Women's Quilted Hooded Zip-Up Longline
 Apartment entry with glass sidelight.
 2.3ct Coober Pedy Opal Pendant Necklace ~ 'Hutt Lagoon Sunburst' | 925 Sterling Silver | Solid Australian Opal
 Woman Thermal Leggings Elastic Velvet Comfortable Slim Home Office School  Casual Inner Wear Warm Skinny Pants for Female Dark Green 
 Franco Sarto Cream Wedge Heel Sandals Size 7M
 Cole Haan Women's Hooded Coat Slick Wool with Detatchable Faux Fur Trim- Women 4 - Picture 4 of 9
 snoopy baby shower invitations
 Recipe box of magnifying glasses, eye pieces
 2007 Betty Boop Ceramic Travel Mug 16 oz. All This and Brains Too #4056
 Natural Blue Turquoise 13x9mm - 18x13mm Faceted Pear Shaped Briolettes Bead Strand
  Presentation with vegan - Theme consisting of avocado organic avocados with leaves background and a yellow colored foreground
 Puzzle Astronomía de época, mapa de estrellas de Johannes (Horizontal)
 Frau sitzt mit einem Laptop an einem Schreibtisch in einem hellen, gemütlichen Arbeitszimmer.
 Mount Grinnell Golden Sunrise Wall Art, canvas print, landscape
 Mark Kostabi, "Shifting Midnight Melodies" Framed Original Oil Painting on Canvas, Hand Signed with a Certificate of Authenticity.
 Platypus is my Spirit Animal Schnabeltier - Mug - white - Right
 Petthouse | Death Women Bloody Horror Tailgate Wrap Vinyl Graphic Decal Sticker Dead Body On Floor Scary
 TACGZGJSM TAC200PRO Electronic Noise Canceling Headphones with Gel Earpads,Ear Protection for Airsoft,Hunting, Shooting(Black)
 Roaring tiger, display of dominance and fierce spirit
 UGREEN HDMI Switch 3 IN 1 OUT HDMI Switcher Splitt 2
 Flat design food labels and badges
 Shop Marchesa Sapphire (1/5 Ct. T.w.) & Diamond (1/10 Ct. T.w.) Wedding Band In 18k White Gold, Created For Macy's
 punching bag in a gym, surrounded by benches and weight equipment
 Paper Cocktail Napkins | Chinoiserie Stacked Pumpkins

• • • • • • •

Your goal. Taking the material above, extract exactly and only the lines from the line with "Woman Thermal Leggings" to the line with "Flat design food labels and badges", inclusive of both.

Response for this exercise.
 Woman Thermal Leggings Elastic Velvet Comfortable Slim Home Office School  Casual Inner Wear Warm Skinny Pants for Female Dark Green 
 Franco Sarto Cream Wedge Heel Sandals Size 7M
 Cole Haan Women's Hooded Coat Slick Wool with Detatchable Faux Fur Trim- Women 4 - Picture 4 of 9
 snoopy baby shower invitations
 Recipe box of magnifying glasses, eye pieces
 2007 Betty Boop Ceramic Travel Mug 16 oz. All This and Brains Too #4056
 Natural Blue Turquoise 13x9mm - 18x13mm Faceted Pear Shaped Briolettes Bead Strand
  Presentation with vegan - Theme consisting of avocado organic avocados with leaves background and a yellow colored foreground
 Puzzle Astronomía de época, mapa de estrellas de Johannes (Horizontal)
 Frau sitzt mit einem Laptop an einem Schreibtisch in einem hellen, gemütlichen Arbeitszimmer.
 Mount Grinnell Golden Sunrise Wall Art, canvas print, landscape
 Mark Kostabi, "Shifting Midnight Melodies" Framed Original Oil Painting on Canvas, Hand Signed with a Certificate of Authenticity.
 Platypus is my Spirit Animal Schnabeltier - Mug - white - Right
 Petthouse | Death Women Bloody Horror Tailgate Wrap Vinyl Graphic Decal Sticker Dead Body On Floor Scary
 TACGZGJSM TAC200PRO Electronic Noise Canceling Headphones with Gel Earpads,Ear Protection for Airsoft,Hunting, Shooting(Black)
 Roaring tiger, display of dominance and fierce spirit
 UGREEN HDMI Switch 3 IN 1 OUT HDMI Switcher Splitt 2
 Flat design food labels and badges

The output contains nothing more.